=== Section Start ===

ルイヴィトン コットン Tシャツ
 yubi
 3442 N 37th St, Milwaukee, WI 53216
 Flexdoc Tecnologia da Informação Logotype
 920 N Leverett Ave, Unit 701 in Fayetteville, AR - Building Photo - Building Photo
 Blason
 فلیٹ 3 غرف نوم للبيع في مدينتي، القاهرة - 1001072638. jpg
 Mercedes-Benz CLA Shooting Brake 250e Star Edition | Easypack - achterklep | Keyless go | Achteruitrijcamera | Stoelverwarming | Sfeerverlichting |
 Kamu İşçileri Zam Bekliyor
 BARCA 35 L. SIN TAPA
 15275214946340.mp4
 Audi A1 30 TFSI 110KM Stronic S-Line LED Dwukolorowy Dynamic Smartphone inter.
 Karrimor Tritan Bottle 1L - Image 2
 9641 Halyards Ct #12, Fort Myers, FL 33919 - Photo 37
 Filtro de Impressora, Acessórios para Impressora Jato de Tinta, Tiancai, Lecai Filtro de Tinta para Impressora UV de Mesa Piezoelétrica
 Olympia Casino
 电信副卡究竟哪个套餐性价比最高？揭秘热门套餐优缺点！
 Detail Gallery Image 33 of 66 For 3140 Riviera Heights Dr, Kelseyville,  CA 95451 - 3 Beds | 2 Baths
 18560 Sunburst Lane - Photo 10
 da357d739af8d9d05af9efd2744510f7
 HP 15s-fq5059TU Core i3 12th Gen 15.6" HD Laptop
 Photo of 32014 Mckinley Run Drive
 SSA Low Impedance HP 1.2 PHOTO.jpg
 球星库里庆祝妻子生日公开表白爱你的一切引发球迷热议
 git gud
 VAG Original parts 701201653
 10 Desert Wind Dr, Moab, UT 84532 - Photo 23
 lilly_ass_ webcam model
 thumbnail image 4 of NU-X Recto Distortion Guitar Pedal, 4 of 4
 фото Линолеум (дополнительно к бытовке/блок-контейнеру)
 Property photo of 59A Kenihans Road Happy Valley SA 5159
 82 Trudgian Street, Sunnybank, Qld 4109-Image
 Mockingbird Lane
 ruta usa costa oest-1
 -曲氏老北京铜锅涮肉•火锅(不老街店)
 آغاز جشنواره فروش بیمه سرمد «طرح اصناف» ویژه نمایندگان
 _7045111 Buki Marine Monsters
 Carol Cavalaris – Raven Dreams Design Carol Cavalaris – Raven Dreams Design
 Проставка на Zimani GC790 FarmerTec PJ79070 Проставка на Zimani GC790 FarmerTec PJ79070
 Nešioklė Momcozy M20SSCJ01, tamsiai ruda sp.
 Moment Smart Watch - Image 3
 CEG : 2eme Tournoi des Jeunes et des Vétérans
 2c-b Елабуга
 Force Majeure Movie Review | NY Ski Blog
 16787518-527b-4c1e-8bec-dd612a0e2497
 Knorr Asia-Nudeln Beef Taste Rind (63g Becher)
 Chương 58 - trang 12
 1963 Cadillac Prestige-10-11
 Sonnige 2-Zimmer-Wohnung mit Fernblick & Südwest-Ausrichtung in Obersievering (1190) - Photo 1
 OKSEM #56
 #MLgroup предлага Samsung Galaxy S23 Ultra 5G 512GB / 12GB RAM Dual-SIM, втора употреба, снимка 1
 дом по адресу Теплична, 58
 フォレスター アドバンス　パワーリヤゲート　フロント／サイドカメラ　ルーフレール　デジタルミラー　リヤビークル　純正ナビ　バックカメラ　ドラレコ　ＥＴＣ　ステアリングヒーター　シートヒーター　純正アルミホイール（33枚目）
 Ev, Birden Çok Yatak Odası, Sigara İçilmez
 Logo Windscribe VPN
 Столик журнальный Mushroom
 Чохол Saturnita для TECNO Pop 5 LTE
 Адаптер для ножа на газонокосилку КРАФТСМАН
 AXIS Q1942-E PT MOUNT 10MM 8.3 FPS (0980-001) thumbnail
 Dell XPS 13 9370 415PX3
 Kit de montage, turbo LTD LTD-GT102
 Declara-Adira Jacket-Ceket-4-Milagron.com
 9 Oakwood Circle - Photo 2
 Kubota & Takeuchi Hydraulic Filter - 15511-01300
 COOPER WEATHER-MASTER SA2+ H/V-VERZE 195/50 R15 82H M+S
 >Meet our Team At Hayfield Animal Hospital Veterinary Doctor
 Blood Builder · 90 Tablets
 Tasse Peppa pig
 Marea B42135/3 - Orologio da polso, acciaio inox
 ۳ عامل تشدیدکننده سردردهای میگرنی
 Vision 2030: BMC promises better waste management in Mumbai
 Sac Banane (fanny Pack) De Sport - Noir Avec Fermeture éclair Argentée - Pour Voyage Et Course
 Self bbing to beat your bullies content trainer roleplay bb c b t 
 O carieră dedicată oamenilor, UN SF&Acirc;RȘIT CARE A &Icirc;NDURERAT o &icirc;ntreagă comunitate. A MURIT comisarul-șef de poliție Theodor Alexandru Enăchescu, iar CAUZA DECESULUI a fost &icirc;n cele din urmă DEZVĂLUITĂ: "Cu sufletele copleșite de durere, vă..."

=== Section End ===

* TO DO *
Take from the material above the lines running from the one with "VAG Original parts 701201653" through the one with "16787518-527b-4c1e-8bec-dd612a0e2497", and repeat them exactly, with nothing else.

* ANSWER FOR THIS EXERCISE *
 VAG Original parts 701201653
 10 Desert Wind Dr, Moab, UT 84532 - Photo 23
 lilly_ass_ webcam model
 thumbnail image 4 of NU-X Recto Distortion Guitar Pedal, 4 of 4
 фото Линолеум (дополнительно к бытовке/блок-контейнеру)
 Property photo of 59A Kenihans Road Happy Valley SA 5159
 82 Trudgian Street, Sunnybank, Qld 4109-Image
 Mockingbird Lane
 ruta usa costa oest-1
 -曲氏老北京铜锅涮肉•火锅(不老街店)
 آغاز جشنواره فروش بیمه سرمد «طرح اصناف» ویژه نمایندگان
 _7045111 Buki Marine Monsters
 Carol Cavalaris – Raven Dreams Design Carol Cavalaris – Raven Dreams Design
 Проставка на Zimani GC790 FarmerTec PJ79070 Проставка на Zimani GC790 FarmerTec PJ79070
 Nešioklė Momcozy M20SSCJ01, tamsiai ruda sp.
 Moment Smart Watch - Image 3
 CEG : 2eme Tournoi des Jeunes et des Vétérans
 2c-b Елабуга
 Force Majeure Movie Review | NY Ski Blog
 16787518-527b-4c1e-8bec-dd612a0e2497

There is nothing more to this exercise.